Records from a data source
╔══

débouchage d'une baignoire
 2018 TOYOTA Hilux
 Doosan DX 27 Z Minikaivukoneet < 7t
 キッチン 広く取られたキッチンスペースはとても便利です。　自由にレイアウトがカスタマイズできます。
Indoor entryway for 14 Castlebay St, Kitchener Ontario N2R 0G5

╚══

> [What you are asked to do]: Please transcribe exactly the line containing "2018 TOYOTA Hilux" and every line after it to the end of the data, and no other lines.

> [Response to this task]:
 2018 TOYOTA Hilux
 Doosan DX 27 Z Minikaivukoneet < 7t
 キッチン 広く取られたキッチンスペースはとても便利です。　自由にレイアウトがカスタマイズできます。
Indoor entryway for 14 Castlebay St, Kitchener Ontario N2R 0G5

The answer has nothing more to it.